In the least surprising development imaginable, I’m currently working on a manuscript that involves Bayesian model selection via Bayes factors. More details in the months to come, but one aspect of the project involves the extent to which Bayes factors are sensitive to prior specification. Within the context of Bayesian model selection, the researcher must specify two layers of prior belief. First, the researcher specifies priors on the space of candidate models. Second, priors are chosen for the parameters of those models. In a world simpler than ours, the prior on the model space would fully encapsulate known information and preferences among the candidate models. For example, setting the model prior to some flavor of a uniform distribution (on the models directly or perhaps a uniform distribution on classes of models of each size) would reflect an uninformed prior preference among the models.
As it turns out, the world is not so simple.

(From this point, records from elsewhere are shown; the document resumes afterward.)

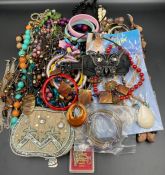 A large volume of costume jewellery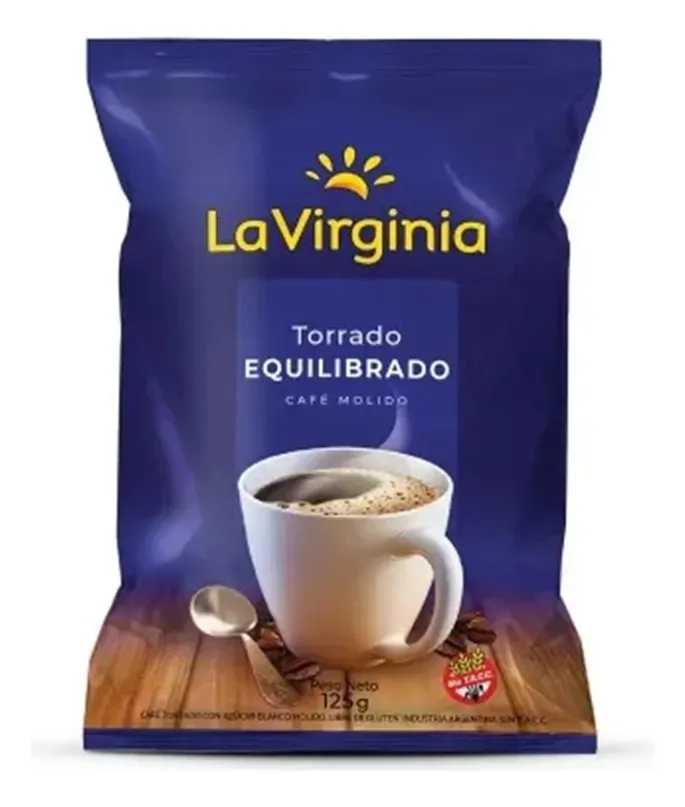 CAFE LA VIRGINIA MOL 12 X 125GRS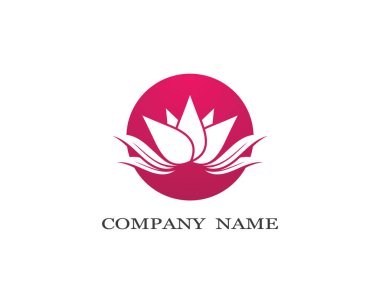 Güzellik çiçekleri logo şablon vektör simgesi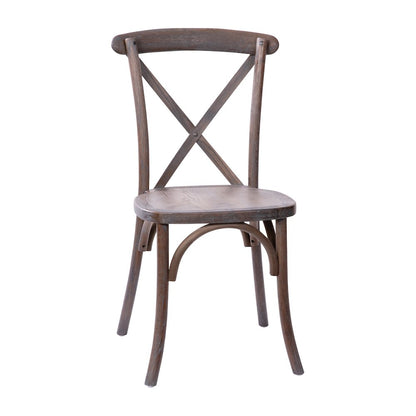 Gray Wash Dark Driftwood X-Back Chair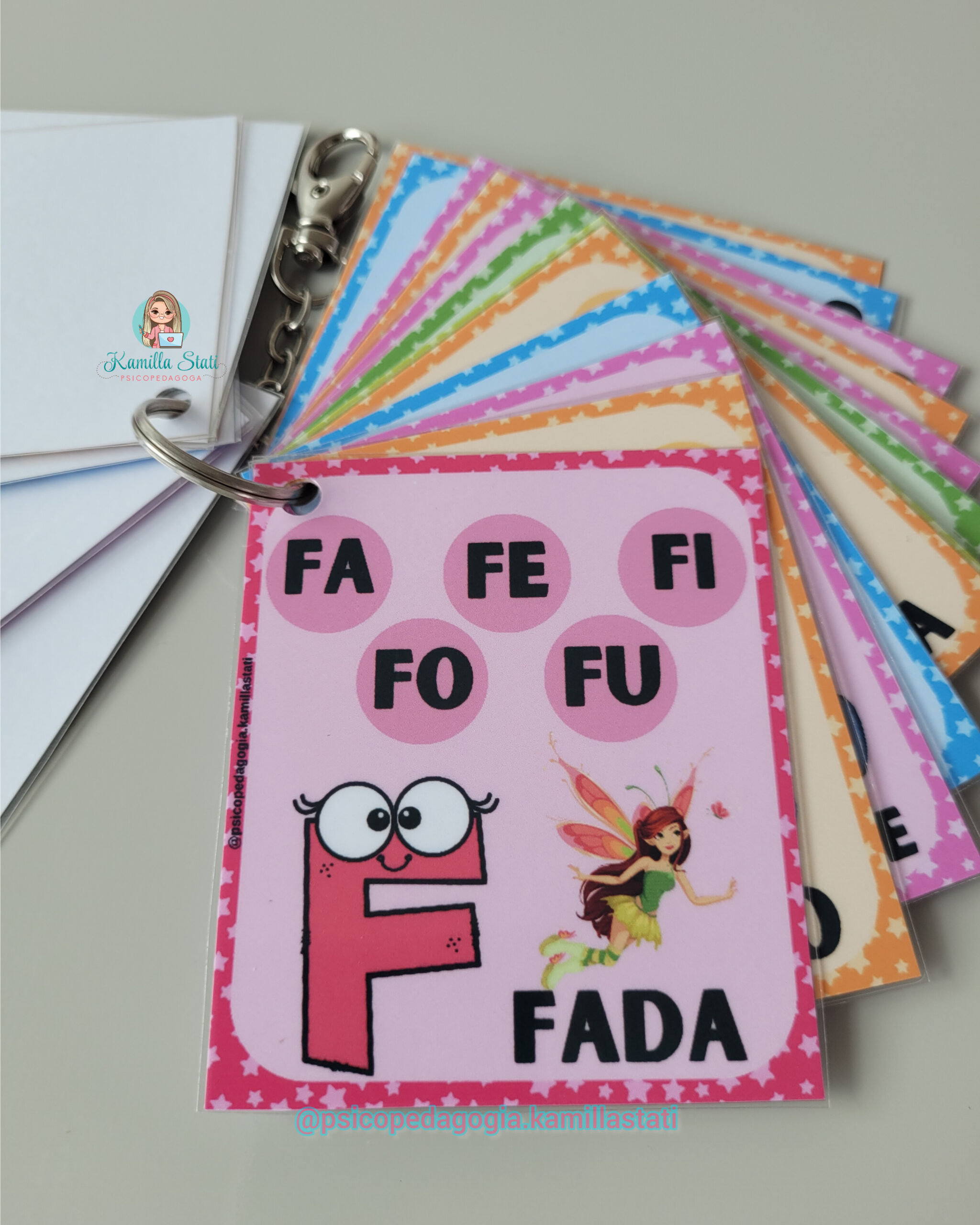 Chaveiro das sílabas - Imagem 5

Bayes factors are also sensitive (sometimes wildly) to the priors on the parameters. Generally, more diffuse priors on parameters lead to a preference for simpler models. Further, the tail behavior of priors as related to likelihoods can have a surprising impact on resulting Bayes factors. For the purpose of fitting Bayesian models, usually an increase in the sample size lets the data (through the behavior of the likelihood function) increasingly dominate inference, so the choice of prior becomes less important. This is not so for Bayesian model selection, where increasing the sample size will often exacerbate problems due to the unfortunate choice of prior. Thus, two researchers who analyze the same data, choose the same likelihood function, select the same prior on the model space but use different priors on the parameters of the candidate models might get wildly different Bayes factors and hence conclusions, even when the differences in those priors might seem innocuous (e.g. do you prefer gamma(.1,.1)? gamma(.01,.01)? gamma(.0001,.0001)?). This instability is present in cases where Bayes factors can be calculated analytically. As a further difficulty, Bayes factors approximated via Monte Carlo Markov chain can be highly unstable, adding yet another layer of uncertainty into the metric which we are ostensibly using to gain certainty about which models are best supported by observed data.

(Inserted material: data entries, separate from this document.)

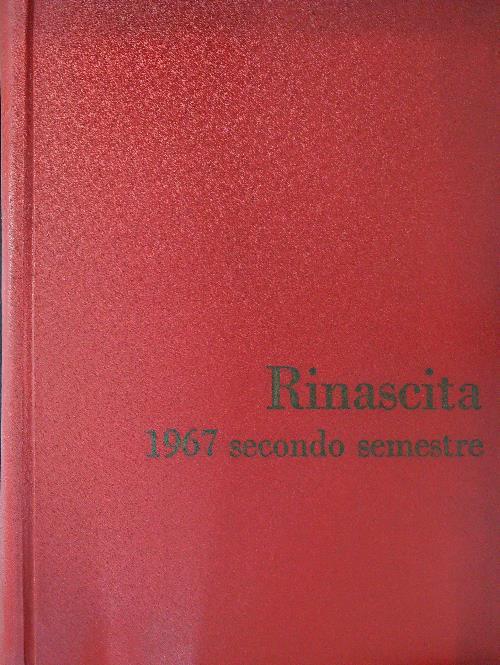Rinascita 1967 Secondo semestre Dal n 27 al 51 - copertina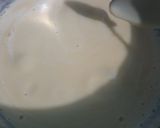 A picture of step 2 of Trifle custard.
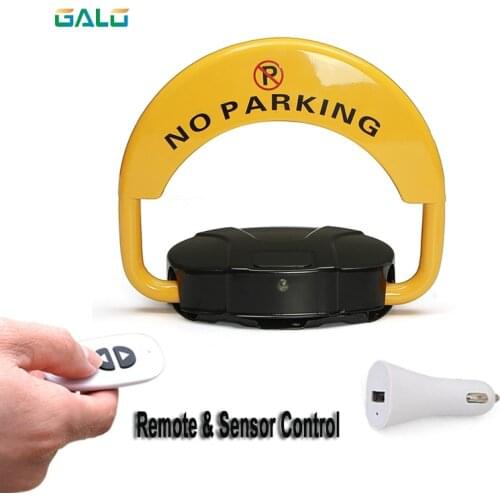 2 Remote Folding Safety With Automatic Sensor With Parking Lock Barrier Guard Column With Lock And Bolt (Excluding Battery)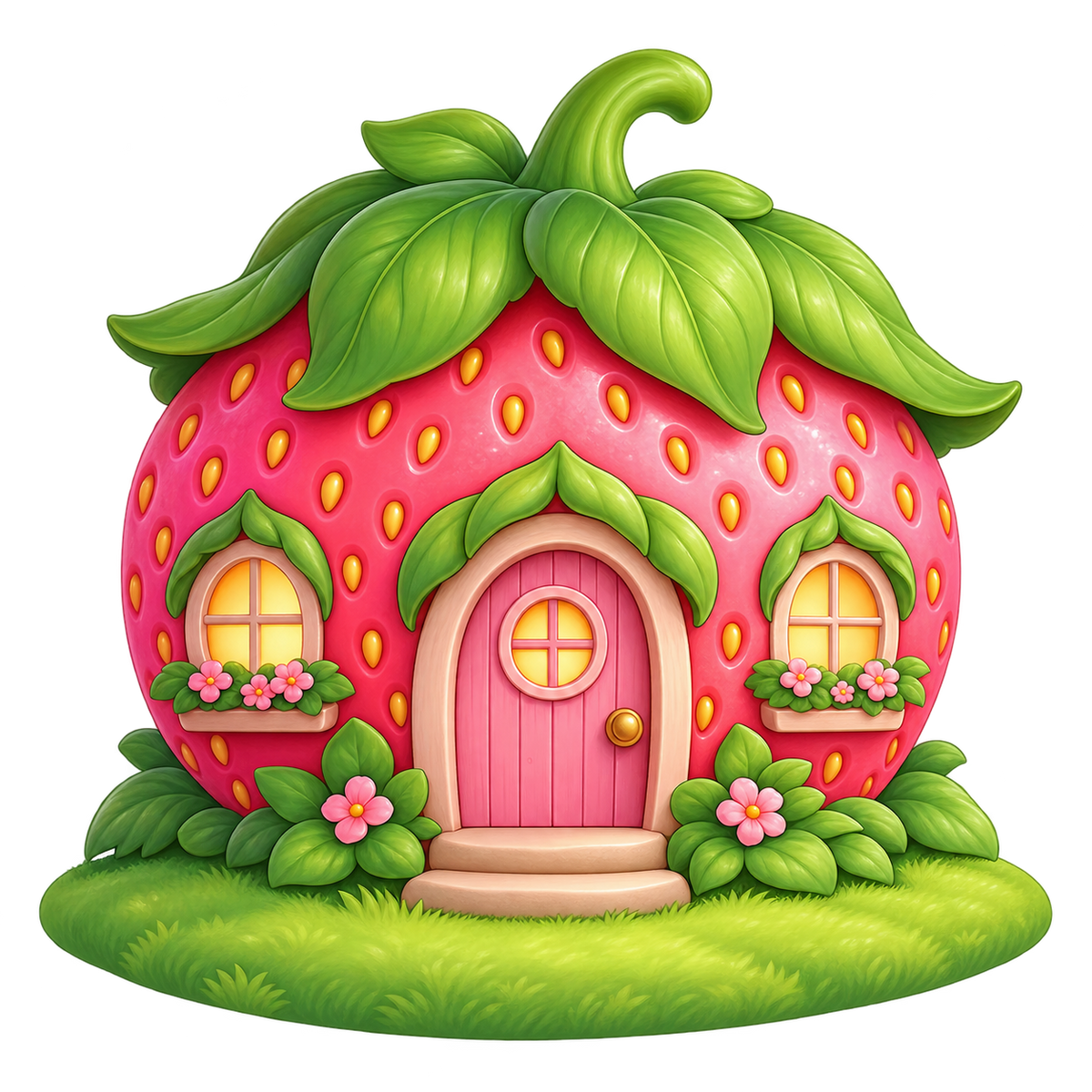 Strawberry Cottage standalone decal only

I’ll confess that my initial interest in Bayes factors has been partially due to the fact that many arguments against p-values have merit. Bayes factors seem like a natural alternative to p-values for hypothesis testing and model selection. As a younger statistician, I even fantasized a bit about the possibility that Bayes factors might offer a panacea against certain drawbacks of p-values. Now I am not so sure. To those who rightly worry that hypothesis testing based on comparing p-values to specific thresholds is a process that is often “hacked,” it would seem that Bayes factors are much easier to hack.
So why continue my interest in Bayes factors? To me, there is something (beyond the obvious philosophical appeal) that is fascinating about Bayesian model selection based on Bayes factors. To use Bayes factors responsibly, you must explore their sensitivity to prior beliefs. This sensitivity analysis provides a formal way to understand where someone with a different worldview for their parameters might draw conclusions opposite to yours even when the observed data are agreed upon. I want science to move in a direction where researchers are rewarded less for increasingly sensational claims paired with a falsely overstated assertions of confidence. The idea that individual studies based on finite samples (often drawn for convenience) provide some inferential lens to the true state of the universe borders on hubris, come to think of it. So, for now, I hope Bayes factors will gain more traction because their analysis reveals such sensitivities. More to come.